Em terras tupiniquins, o assunto veio à baila por conta do anúncio da transferência do acervo do escritor Erico Veríssimo para o Instituto Moreira Sales (IMS), que tem instalações no Rio de Janeiro e São Paulo, e que também pode receber o acervo do poeta Mario Quintana. Os bairristas estrilaram: como? Sair daqui? Bem, pode ficar aqui, mal cuidado, ou ao menos em condições aquém das possibilidades que os autores merecem. É claro que como arquivista, jornalista, cidadã, e gaúcha, me orgulharia muito que esses acervos ficassem por aqui. Mas me parece que se não fosse exatamente o orgulho, nem estaríamos falando disto. Não é uma questão de apreço pela cultura, mas de orgulho ferido. E os milhões de metros lineares de arquivos de suma importância DEPOSITADOS - porque muitos lugares não são arquivos, são depósitos - Rio Grande do Sul a fora? E o cenário de profissionais pouco valorizados, de arquivos que só recebem pessoas que não deram certo em outros setores, ou de instituições que montam estruturas monstras para aparecer na mídia mas depois largam à própria sorte os acervos?

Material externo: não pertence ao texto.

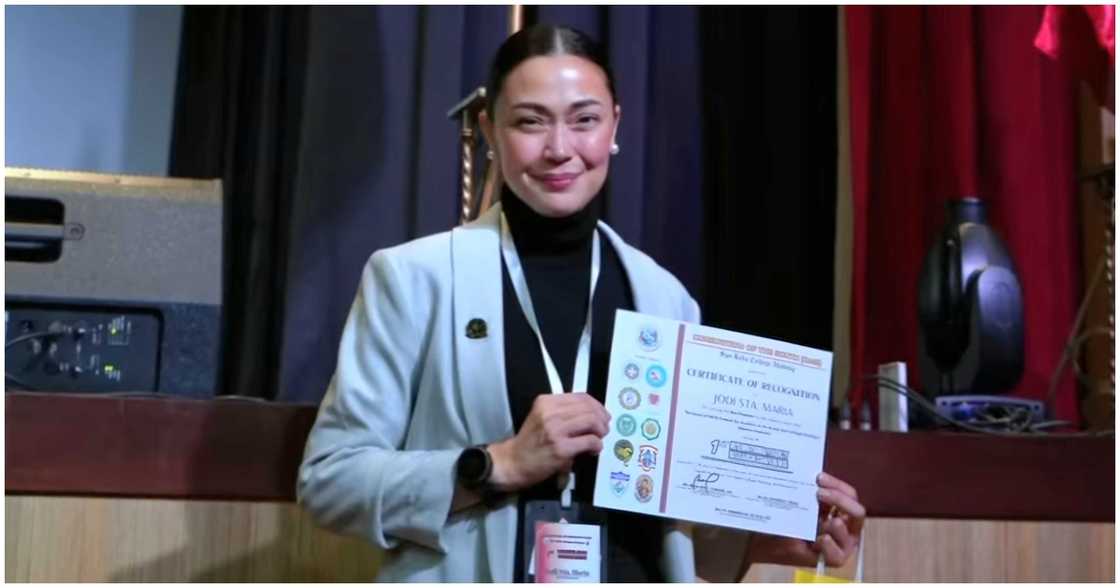 Jodi Sta. Maria: "Hindi ko inakala na mangyayari ito ever sa buhay ko" Jodi Sta. Maria: "Hindi ko inakala na mangyayari ito ever sa buhay ko"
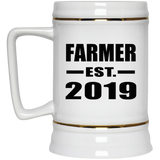 Farmer Established EST. 2019 - Beer Stein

Tudo isto precisa ser muito refletido. Se é para ser sério, então vamos fazer uma reflexão a fundo, não são só estes os acervos importantes no RS. Há outros arquivos de pessoas tão famosas quanto precisando de atenção. Alguns recebem o tratamento adequado mas não são divulgados, por falta de "nome". Outros são de anônimos, mas contam a história de toda a sociedade gaúcha. E estes ficam em segundo plano, pois "não dão mídia". Tem muito disso: lança-se uma exposição, recebe-se uma ajuda, depois a instituição vai minguando. É difícil encontrar excessões, embora existam, e honrosas.

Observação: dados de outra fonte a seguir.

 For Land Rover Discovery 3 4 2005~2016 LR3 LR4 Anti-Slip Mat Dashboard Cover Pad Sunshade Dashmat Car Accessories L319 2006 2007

Uma coisa que me chamou a atenção foi que o projeto do Centro de Documentação da PUCRS, chamado Delfos, foi anunciado como revolucionário em termos de qualidade. Rezávamos, todos os envolvidos com a área, que estivesse munido tanto de recursos tecnológicos como de profissionais capacitados e de uma política de acervos consistente. Mas até agora não houve pronunciamento. Qual é o real abismo entre o Delfos/PUCRS e o IMS? É a experiência? Ou é birra? Aí, sim, é o caso de questionar. Mas se estamos falando de qualidade, e se ainda não temos aqui nada comparado, bairrismos não contribuem em nada neste momento, a não ser que seja para que tomemos providências no sentido de investir e melhorar.
Quanto à secretária da Cultura... bem, me parece que ela deveria olhar mais para o que já existe antes de aproveitar a janela midiática de que está fazendo todos os esforços possíveis para trazer esta documentação que me parece estar muito bem acompanhada.